Conrad has met officers like that. If the Emperor is one of them, it accounts
for a lot about his rise to power.

Turning back, Conrad discovered Philippe and his companion “Colonel” gazing across the bay at Vesuvius. He made sure he greeted them with every sign of respect.

“You people of Italy, you are always mad!” The Emperor made a wide gesture, that seemed to imply approval, and concluded with a flourish at the distant crater. “The earth turning crazy under your feet, and you don't even notice it.
Bravo!”

Conrad couldn't help but follow the gesture. The haze that shrouded the top of the mountain might be catching light from the mid-morning sun, lifting up the arc of the sky—or it might be lit internally by some seepage of lava. From here it was impossible to say.

A jolt of the quay sent Tullio's coach horses half-rearing, the grooms at their heads clinging on and soothing them.

Wistfully, the Emperor said, “I wish I could stay to see your opera.”

“Yes, sire,” Conrad agreed, dazed.

“We agreed, Imperial Majesty,” the other colonel observed mildly.

“We did, I know, Philippe; no need for all of that. I am your commander, not your Emperor. We have known each other too long.” The Emperor of the North hugged his subordinate.

Conrad suspected, from how the other man took it, that this happened quite often.

“We should go into the theatre, sire,” Conrad ventured.

“Of course!”

Conrad could see how difficult it was for the remaining Colonel, Philippe, to avoid a subordinate position to his companion. Conrad ushered them towards the back entrances of the San Carlo, eyes alert for watchers. Tullio sidled up close.

Conrad muttered, “If everything goes this much according to plan, this will be the first easy thing to happen today!”

“So what's been happening?”

“Luigi can fill you in on the details. I can't stay away from the dress rehearsal now—shouldn't be doing it for even this amount of time.” Conrad braced his mental strength. “Briefly—we found our traitors. Roberto, Conte di Argente. Leonora, Contessa di Argente.”

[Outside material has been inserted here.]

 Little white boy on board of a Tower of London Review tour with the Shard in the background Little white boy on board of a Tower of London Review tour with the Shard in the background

Tullio Rossi stopped dead.

A momentary glint of light made his expression unclear; either fear or fury. He jerked back into motion, approaching the backstage doors.

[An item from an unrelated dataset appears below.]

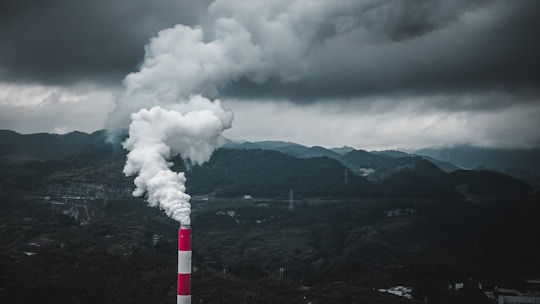 a smokestack emits from a pipe on a cloudy day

“And you believe it, padrone?”

Conrad's thumb found a small scar left on his hand by flying glass. It still bled slightly when rubbed.
“I
was the one who discovered it.—You won't believe how much has changed here in the last twenty-four hours.”

He passed significant details on to Tullio while they infiltrated the cramped wooden corridors in the upper floors of the San Carlo, entered at the rear of the royal box, and the two Colonels—one indefinably in the lead—examined it from a tactical viewpoint.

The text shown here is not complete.